What the task requires
In the entries below, find the line with "Person with long" and the line with "Gold colored, two-tier"; give again those lines and every line between them, exactly.

Short text fragments from websites:
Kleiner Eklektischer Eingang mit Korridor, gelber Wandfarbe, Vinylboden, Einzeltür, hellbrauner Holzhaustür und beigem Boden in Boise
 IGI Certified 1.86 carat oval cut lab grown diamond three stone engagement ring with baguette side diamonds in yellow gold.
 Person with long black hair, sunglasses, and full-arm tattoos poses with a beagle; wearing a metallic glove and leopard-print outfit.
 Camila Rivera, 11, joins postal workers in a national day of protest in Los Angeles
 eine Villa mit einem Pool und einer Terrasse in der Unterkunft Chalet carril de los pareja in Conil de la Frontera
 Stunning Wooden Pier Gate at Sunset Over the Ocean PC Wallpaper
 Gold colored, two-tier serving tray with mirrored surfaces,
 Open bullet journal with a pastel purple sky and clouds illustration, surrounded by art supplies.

Exercise response
 Person with long black hair, sunglasses, and full-arm tattoos poses with a beagle; wearing a metallic glove and leopard-print outfit.
 Camila Rivera, 11, joins postal workers in a national day of protest in Los Angeles
 eine Villa mit einem Pool und einer Terrasse in der Unterkunft Chalet carril de los pareja in Conil de la Frontera
 Stunning Wooden Pier Gate at Sunset Over the Ocean PC Wallpaper
 Gold colored, two-tier serving tray with mirrored surfaces,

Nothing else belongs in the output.